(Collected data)
▽

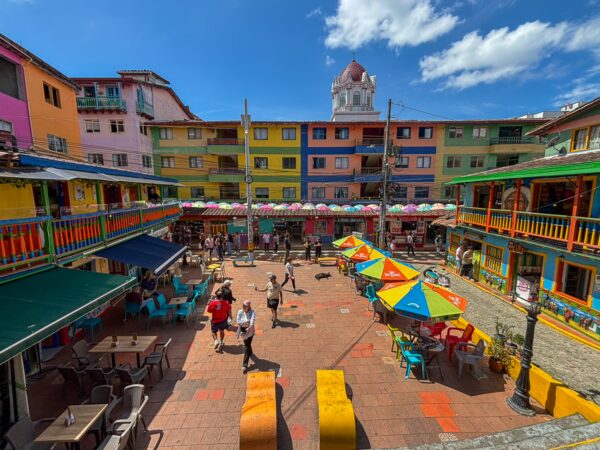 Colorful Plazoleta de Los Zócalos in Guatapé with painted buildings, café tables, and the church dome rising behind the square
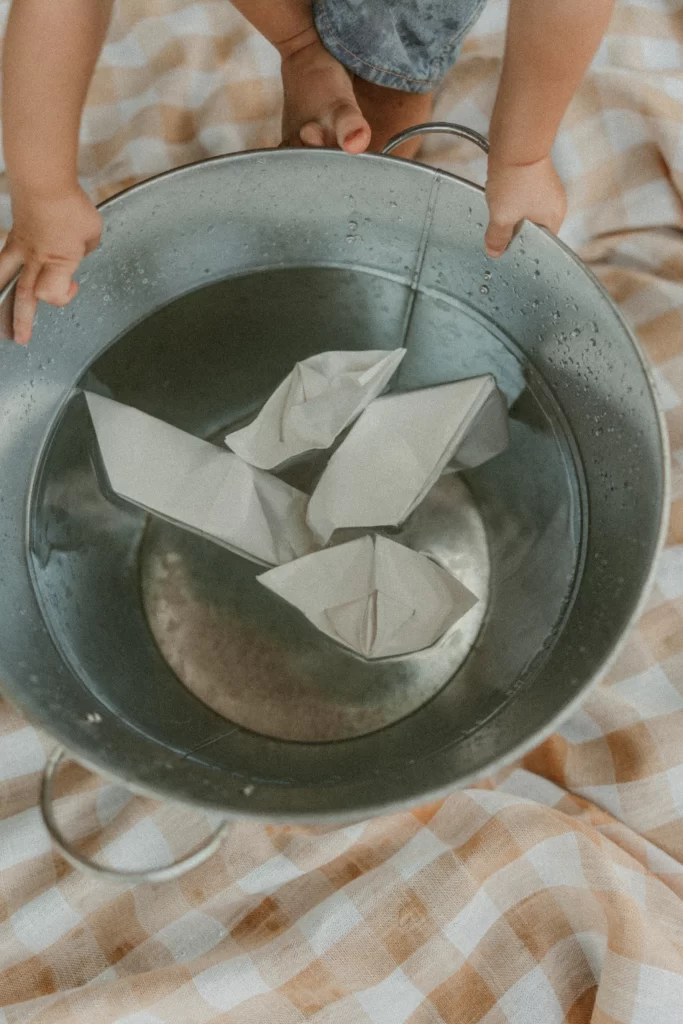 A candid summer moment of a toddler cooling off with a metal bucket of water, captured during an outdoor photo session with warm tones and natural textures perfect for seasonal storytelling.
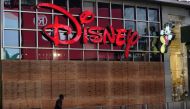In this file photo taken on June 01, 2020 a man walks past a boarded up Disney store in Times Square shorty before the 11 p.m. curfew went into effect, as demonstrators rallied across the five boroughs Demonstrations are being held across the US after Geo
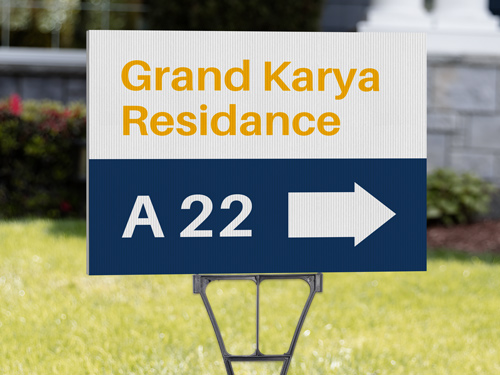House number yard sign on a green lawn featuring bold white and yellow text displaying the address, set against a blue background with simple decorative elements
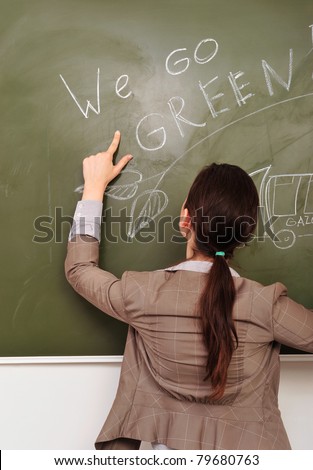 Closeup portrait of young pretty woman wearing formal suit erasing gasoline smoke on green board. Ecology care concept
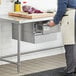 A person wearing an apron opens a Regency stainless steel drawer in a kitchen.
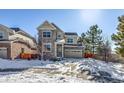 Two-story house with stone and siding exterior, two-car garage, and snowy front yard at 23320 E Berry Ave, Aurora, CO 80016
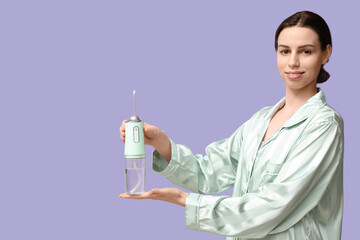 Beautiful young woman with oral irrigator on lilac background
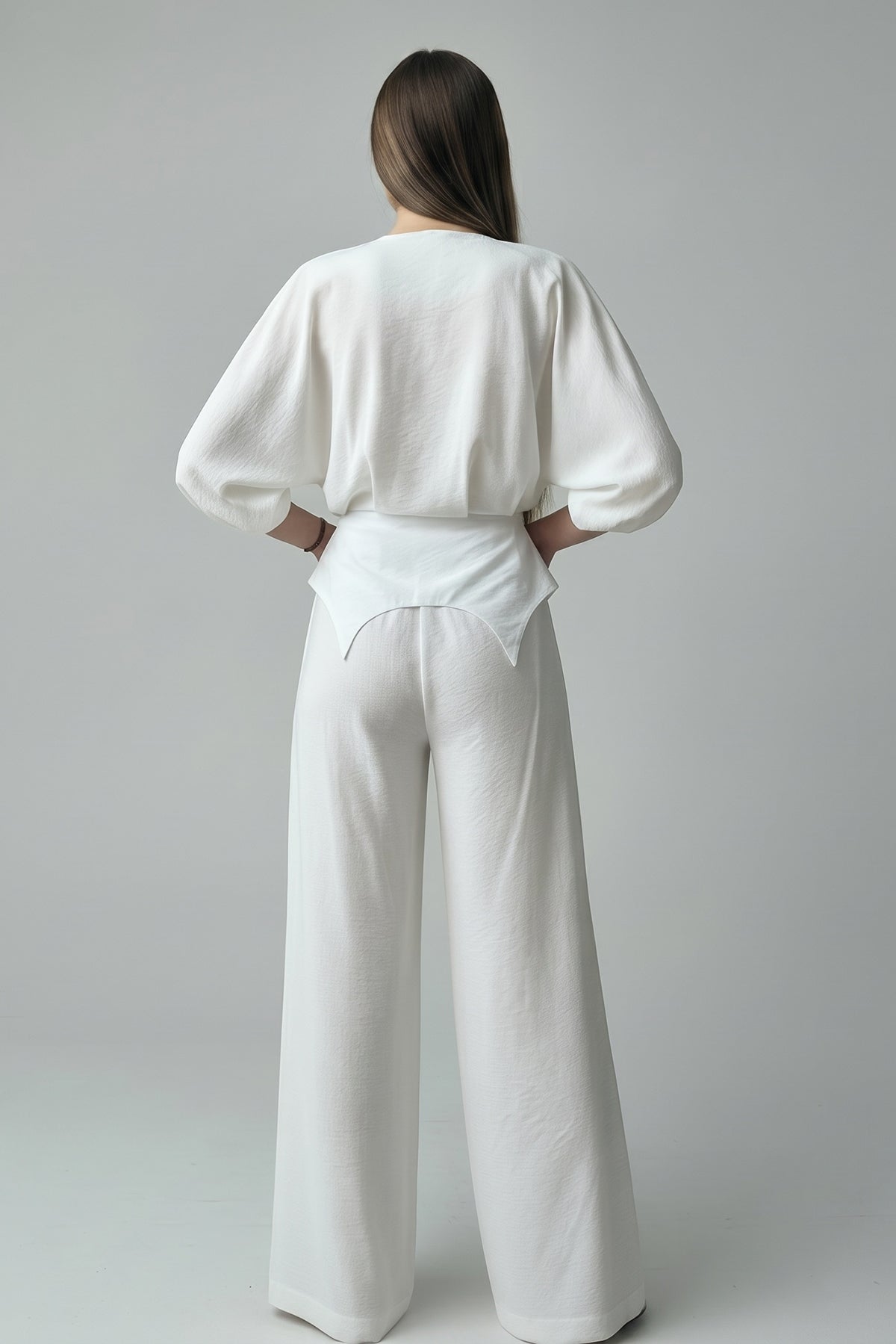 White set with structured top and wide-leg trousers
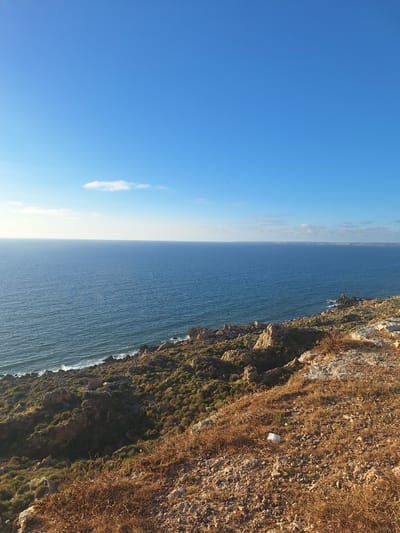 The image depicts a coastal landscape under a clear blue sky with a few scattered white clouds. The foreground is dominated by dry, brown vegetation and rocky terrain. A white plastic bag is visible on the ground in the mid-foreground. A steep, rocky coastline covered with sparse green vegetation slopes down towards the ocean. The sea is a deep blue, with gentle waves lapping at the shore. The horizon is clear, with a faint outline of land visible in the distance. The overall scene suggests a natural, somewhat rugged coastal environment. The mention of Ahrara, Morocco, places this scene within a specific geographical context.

△
▽

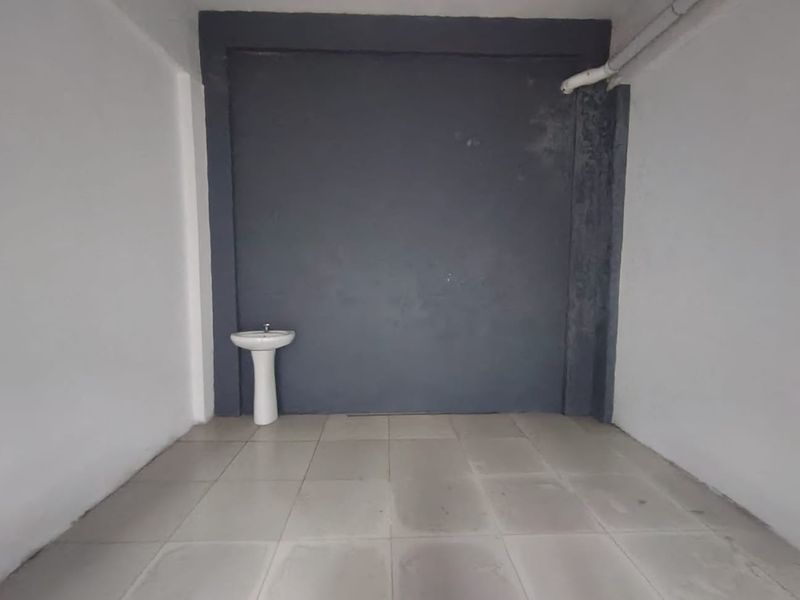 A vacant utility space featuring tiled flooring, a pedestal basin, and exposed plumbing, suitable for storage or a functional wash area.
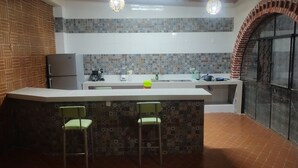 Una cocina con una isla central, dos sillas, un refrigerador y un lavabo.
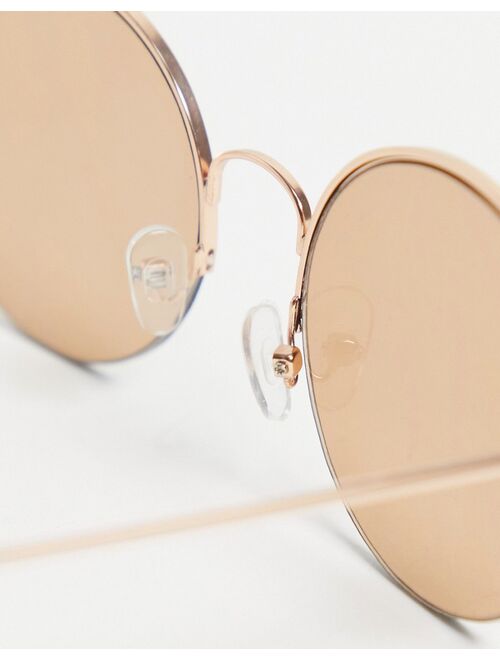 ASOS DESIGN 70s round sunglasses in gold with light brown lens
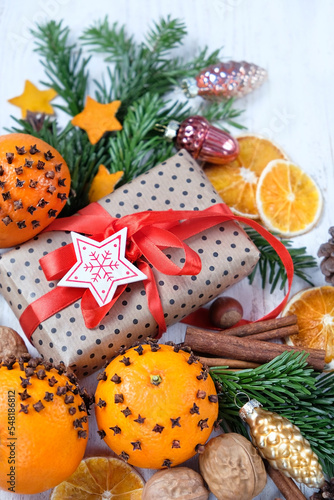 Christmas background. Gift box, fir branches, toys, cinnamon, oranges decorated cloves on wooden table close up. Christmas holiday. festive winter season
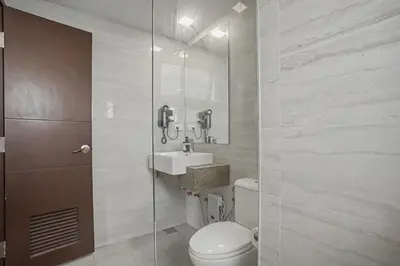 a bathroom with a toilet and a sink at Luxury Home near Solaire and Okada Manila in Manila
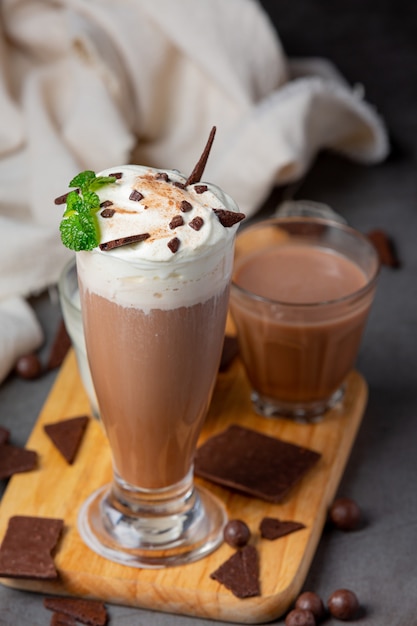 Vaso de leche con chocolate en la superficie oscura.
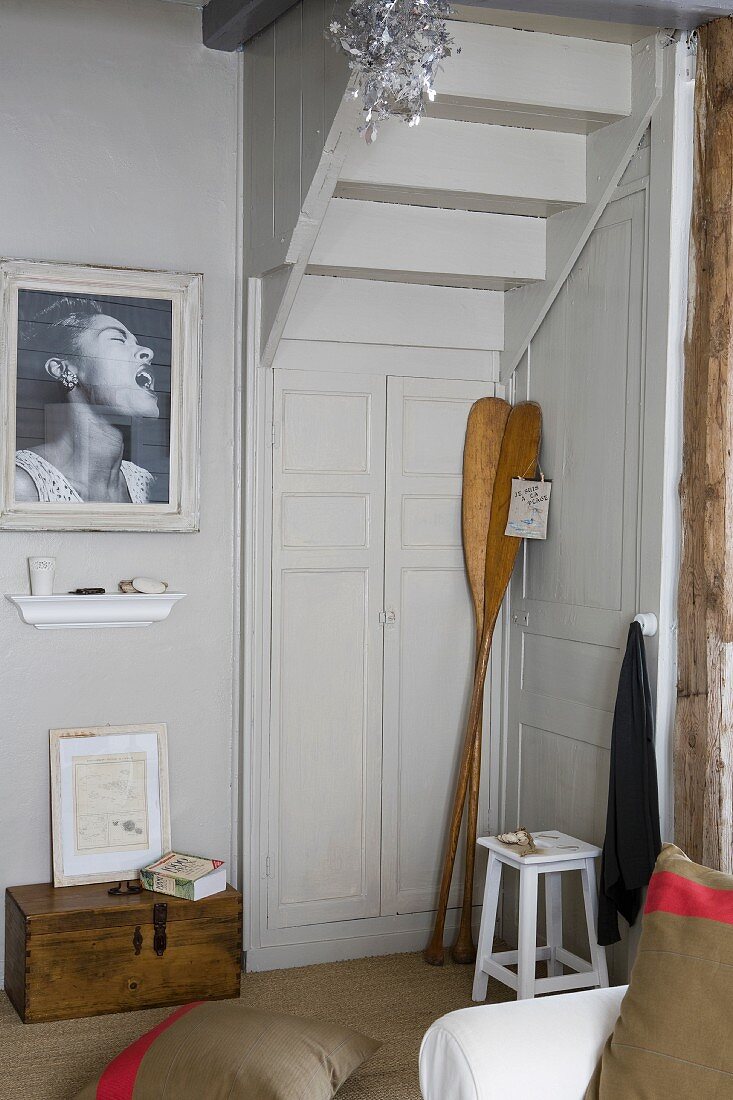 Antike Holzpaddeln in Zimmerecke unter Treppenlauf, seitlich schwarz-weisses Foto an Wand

△

:: ACTION ITEM ::
Your answer must be the exact lines from the records above, from the one containing "Colorful Plazoleta de" through the one containing "House number yard", both included, with every picture left out.

:: RESPONSE TO THE EXERCISE ::
 Colorful Plazoleta de Los Zócalos in Guatapé with painted buildings, café tables, and the church dome rising behind the square
 A candid summer moment of a toddler cooling off with a metal bucket of water, captured during an outdoor photo session with warm tones and natural textures perfect for seasonal storytelling.
In this file photo taken on June 01, 2020 a man walks past a boarded up Disney store in Times Square shorty before the 11 p.m. curfew went into effect, as demonstrators rallied across the five boroughs Demonstrations are being held across the US after Geo
House number yard sign on a green lawn featuring bold white and yellow text displaying the address, set against a blue background with simple decorative elements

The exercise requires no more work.